Safe Optimization Policy (AINL)

This policy defines how to improve benchmark results without harming AINL's primary goal: reliable generation and execution by AI agents, including small models.

Safe Optimization Policy (AINL)

This policy defines how to improve benchmark results without harming AINL's primary goal: reliable generation and execution by AI agents, including small models.

Optimization Rule

Make the language easy. Make the compiler powerful. Source-language optimization is allowed only when it reduces the number of canonical patterns a small model must learn. If it introduces ambiguity, equivalent parallel styles, or hidden behavior, reject it or keep it compatibility-only.

Safe / Recommended Now

Capability-driven emission (emit only what an artifact actually needs).
Shared helper extraction and runtime support factoring in generated outputs.
Minimal emit modes for measurement and deployment.
IR/codegen compaction below the source-language surface.
Benchmark redesign that separates source compactness from generated artifact size.
Training/example bias toward strict canonical forms.
Segregating compatibility-heavy artifacts from benchmark headlines.
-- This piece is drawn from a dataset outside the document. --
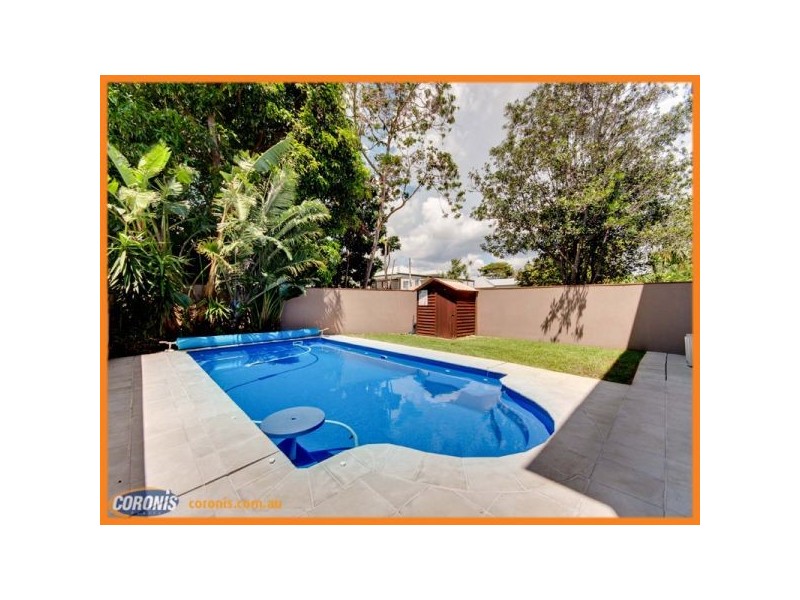 211 Rainbow Street, Sandgate QLD 4017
Safe But Requires Design Discipline

Only acceptable when they create one better canonical form:

First-class constructs for frequent patterns (CRUD, auth, scrape, schedule, queue, retry).
Reduction of repetitive label plumbing.
Higher-level syntax only when formally constrained and unambiguous.

Dangerous / Avoid For Now

Multiple shorthand syntaxes for the same behavior.
Hidden defaults in source syntax.
Context-sensitive omission rules.
Many equivalent ways to author the same program.
Expanding compatibility syntax as a primary surface.
Human-aesthetic compression that reduces model predictability.

Small-Model Impact

Small models are helped by:

One canonical authoring form.
Fixed slot order and predictable line shapes.
Explicit syntax and strict grammar.
Low aliasing and low syntax branching.

Small models are harmed by:

Several equally valid styles.
Excessive shorthand.
Ambiguous bare literals.
Hidden semantics.
Context-sensitive parsing expectations.

Required Acceptance Test For Language-Surface Changes

Every language-level optimization proposal must answer:

Does this reduce the number of canonical patterns a small model must learn?
Does it preserve formal constrained decoding?
Does it avoid introducing an additional equivalent authoring style?
Can it be taught with a few examples and strict tests?
Is the benefit impossible to achieve purely in compiler/emitter/runtime layers?

If any answer is weak, defer the proposal.

Recommended Order Of Implementation

Phase 1 - Optimize Below The Language Surface

Capability-driven emission.
Shared runtime/helper extraction.
Minimal emit mode.
IR compaction.
Benchmark methodology cleanup.
Canonical example cleanup.

Phase 2 - Add Canonical First-Class Constructs Carefully

Only after phase 1 is stable:

Replace repeated verbose patterns with one canonical compact construct.
Deprecate old verbose form over time when safe.
Do not let old and new forms coexist equally in training/examples.

Phase 3 - Compatibility Cleanup

Bias corpus and examples toward canonical strict AINL.
Keep compatibility forms only where required.
Prevent legacy syntax from dominating benchmarks and onboarding surfaces.

Before Optimizing AINL Source Syntax

Can this be solved in compiler/emitter/runtime instead?
Does this reduce or increase canonical patterns?
Does this keep the grammar equally or more constrained?
Does this make it easier for a 1B/3B model, not just shorter?
Will docs/tests/examples overwhelmingly reinforce one canonical form?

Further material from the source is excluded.